Mehmet Can’ın babası bana teşekkür ederek okuldan ayrıldı. Mehmet Can’ın bütün girişimlerine rağmen başka bir okula naklini göndermedim. Mehmet Can, bir hafta süreyle okula gelmedi. Bir sonraki hafta sınıf arkadaşlarının ısrarı üzerine okula geri dönmüştü. Mehmet Can’ı uzaktan izledim. Kısa zaman içinde yatakhaneye ve derslerine vaktinde gelmeye başlamıştı. Bir öğle sonrası onu odama çağırtıp onunla çay içtik. Halini hatırını sorduğumda bir sorununun olmadığını söyledi. Daha sonraki günlerde öğrenciler arası voleybol maçları düzenlemeye başladık. Ardından masa tenisi, futbol derken Mehmet Can’ın artık yurda ve derslere geç geldiği görülmedi. Artık Mehmet Can, okulun takım ruhuna göre hareket ediyordu. Az çalışıyordu, ama ders notları iyiydi. Sonunda mezun oldu. Üniversite sınavında okul öncesi bölümünü kazandı. Az ders çalışarak üniversiteyi tamamladı.

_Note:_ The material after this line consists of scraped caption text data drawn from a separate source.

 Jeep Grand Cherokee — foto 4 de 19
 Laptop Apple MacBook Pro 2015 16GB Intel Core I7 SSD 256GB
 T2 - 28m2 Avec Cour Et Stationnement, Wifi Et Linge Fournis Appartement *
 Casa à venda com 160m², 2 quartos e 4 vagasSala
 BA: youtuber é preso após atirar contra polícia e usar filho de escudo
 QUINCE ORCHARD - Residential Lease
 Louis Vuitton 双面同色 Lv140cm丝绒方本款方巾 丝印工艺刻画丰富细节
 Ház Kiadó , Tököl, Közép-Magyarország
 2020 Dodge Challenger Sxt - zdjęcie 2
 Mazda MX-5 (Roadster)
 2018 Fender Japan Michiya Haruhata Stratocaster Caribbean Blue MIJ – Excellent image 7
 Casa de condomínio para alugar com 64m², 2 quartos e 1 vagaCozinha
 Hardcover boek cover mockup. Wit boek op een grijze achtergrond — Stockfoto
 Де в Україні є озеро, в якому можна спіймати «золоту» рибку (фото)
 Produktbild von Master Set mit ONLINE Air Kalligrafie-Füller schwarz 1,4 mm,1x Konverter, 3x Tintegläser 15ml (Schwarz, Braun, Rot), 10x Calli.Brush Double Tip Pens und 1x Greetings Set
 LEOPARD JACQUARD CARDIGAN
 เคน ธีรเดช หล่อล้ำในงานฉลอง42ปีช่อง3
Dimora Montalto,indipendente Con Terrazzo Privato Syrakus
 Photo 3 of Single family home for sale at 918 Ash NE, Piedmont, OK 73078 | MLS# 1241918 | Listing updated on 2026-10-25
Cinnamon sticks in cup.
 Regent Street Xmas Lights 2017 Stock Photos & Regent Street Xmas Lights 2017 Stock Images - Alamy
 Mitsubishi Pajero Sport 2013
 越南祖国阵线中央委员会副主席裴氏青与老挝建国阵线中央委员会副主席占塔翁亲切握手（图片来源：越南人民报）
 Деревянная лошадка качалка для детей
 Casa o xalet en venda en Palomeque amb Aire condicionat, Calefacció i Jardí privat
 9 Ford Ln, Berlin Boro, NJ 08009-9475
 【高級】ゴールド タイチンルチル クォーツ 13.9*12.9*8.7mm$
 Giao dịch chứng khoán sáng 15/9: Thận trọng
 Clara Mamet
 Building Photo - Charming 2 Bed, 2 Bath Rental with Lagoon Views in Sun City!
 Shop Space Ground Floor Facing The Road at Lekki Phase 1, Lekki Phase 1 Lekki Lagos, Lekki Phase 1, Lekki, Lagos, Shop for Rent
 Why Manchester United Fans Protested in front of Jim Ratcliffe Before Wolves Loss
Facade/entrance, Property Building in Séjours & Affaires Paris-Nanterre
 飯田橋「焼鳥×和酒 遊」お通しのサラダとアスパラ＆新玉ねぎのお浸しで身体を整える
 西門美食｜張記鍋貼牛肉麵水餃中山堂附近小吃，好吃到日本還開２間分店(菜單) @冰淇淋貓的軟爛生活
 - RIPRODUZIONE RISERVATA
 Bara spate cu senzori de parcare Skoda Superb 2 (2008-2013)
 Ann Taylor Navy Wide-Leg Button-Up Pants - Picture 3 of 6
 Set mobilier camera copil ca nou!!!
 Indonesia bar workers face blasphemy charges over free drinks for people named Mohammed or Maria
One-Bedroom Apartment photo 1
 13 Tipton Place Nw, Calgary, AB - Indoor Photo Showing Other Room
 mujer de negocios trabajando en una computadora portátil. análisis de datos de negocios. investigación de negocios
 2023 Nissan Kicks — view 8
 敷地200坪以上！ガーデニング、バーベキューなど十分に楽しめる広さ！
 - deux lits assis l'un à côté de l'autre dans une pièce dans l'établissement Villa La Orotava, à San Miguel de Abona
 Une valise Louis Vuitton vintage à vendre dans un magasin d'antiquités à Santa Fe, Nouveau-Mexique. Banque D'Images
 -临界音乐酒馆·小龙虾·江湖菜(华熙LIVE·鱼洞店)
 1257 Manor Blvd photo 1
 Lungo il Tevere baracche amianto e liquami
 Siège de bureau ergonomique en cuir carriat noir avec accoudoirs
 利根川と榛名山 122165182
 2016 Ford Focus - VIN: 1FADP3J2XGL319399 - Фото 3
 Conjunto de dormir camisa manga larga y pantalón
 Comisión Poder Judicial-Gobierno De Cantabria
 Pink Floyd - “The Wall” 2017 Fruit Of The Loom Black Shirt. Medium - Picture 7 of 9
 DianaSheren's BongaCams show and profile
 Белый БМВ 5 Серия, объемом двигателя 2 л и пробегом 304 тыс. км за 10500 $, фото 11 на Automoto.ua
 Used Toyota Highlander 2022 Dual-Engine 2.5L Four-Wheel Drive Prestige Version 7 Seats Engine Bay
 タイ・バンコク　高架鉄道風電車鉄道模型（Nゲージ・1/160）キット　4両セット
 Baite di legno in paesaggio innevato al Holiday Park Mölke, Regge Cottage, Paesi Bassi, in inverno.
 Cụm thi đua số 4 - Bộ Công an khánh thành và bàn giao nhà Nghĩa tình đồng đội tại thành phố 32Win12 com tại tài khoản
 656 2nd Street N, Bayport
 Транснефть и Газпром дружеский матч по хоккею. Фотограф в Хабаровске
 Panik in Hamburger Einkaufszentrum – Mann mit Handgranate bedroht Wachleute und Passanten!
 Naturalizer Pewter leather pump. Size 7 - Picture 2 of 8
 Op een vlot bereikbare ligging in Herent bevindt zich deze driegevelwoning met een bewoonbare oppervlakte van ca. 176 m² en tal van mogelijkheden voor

Geçenlerde yol üstünde onunla karşılaştığımda mahcup bir gülümsemeyle bana:
“Müdürüm, iyi ki o gün ailemin yaşadığı ilçedeki okula gitmeme izin vermemişsiniz. Yaptığınız iyiliği yeni anlıyorum.” dedi.
Öğretmenlerin yaptıkları hizmetler hiçbir zaman erken meyve vermemiştir. Öğretmenin ürününü görebilmesi için bazen bir ömür beklemesi gerekiyor…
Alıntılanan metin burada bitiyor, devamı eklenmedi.